# Annotation Inter-Rater Reliability

We are creating a span categorization model which means we have two forms of "data" for each annotation.

* Whether there was an annotation at all
* The start and stop of eac annotation

## "Any Annotation at All"

This can be turned into a binary annotation metric and as such we can use more standard IRR metrics.
In this case we will be using [Fleiss Kappa](https://en.wikipedia.org/wiki/Fleiss%27_kappa).

## "Same Label on Span"

Extract the annotation label from the span and use Fleiss Kappa on the retrived data.
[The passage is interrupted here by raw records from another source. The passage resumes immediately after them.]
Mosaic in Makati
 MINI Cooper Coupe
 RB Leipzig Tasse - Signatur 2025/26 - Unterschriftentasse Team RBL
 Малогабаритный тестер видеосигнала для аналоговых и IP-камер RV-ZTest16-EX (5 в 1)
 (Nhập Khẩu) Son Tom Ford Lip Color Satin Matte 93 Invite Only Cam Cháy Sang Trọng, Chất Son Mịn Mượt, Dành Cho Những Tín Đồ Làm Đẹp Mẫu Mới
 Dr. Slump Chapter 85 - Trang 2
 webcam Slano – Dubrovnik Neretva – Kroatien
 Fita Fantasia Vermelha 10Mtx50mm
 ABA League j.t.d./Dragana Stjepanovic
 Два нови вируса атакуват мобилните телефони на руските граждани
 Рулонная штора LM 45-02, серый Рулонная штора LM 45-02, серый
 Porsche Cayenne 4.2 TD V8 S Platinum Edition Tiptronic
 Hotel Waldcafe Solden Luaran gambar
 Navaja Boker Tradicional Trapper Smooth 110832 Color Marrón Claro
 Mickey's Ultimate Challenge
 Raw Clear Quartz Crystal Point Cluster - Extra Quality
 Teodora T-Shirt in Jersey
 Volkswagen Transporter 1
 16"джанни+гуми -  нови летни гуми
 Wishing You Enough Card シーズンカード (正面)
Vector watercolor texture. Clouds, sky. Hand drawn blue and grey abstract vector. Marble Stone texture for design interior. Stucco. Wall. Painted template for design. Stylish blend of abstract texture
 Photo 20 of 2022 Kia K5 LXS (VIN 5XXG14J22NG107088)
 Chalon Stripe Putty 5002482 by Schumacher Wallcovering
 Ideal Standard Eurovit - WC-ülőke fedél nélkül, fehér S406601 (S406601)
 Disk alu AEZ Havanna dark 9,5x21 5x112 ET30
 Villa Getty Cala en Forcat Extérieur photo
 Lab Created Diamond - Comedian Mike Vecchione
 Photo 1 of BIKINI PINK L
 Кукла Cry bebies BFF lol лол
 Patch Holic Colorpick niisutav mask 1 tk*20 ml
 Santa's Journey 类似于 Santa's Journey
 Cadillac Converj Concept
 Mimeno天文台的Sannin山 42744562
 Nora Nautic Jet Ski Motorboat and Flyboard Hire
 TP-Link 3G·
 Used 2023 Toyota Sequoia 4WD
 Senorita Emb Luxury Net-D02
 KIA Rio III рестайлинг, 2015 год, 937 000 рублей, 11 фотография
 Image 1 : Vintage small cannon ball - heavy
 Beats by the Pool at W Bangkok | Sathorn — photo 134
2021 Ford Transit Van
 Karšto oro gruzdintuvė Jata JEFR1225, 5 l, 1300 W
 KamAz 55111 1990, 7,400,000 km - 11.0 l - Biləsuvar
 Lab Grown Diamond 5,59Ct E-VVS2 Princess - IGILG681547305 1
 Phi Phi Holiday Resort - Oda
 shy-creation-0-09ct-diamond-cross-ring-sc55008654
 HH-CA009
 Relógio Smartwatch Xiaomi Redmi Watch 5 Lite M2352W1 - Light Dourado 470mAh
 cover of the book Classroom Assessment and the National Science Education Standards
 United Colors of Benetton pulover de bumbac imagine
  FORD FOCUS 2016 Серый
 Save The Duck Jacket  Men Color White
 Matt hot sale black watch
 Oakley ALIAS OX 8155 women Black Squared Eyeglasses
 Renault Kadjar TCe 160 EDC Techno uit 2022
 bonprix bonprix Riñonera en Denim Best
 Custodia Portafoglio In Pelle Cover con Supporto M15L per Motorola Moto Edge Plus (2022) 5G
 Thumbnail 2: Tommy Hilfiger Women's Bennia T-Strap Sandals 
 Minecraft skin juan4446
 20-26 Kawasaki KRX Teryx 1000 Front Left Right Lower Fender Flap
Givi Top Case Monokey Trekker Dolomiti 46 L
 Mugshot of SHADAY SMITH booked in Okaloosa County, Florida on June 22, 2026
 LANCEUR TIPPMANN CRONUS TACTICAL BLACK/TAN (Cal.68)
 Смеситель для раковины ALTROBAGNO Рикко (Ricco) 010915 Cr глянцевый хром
## "Number of Spans within Example"

Extract the number of spans from each example and use Fleiss Kappa on the retrieved data.

## "Agreement on Span Positioning"

In each case that annotators agreed a span was present within the example, compare the span start and stop.
The most common task in which start and stop points are compared and evaluated against others is in "text segmentation".
As such, we are using a text segmentation evaluation metic called ["boundary agreement"](https://segeval.readthedocs.io/en/latest/api/?highlight=agreement#inter-coder-agreement-coefficients).

## Basic Data Prep

In [1]:
# Import and combine all data
import pandas as pd
import json

ANNOTATOR_TO_FILE_LUT = {
    "angel": "angel-annotated-irr-data.json",
    "sarah": "sarah-annotated-irr-data.json",
    "kelly": "kelly-annotated-irr-data.json",
}
annotation_dfs = []
for annotator, filename in ANNOTATOR_TO_FILE_LUT.items():
    with open(filename) as open_f:
        this_annotator_df = pd.DataFrame(json.load(open_f))
        this_annotator_df["annotator"] = annotator
        annotation_dfs.append(this_annotator_df)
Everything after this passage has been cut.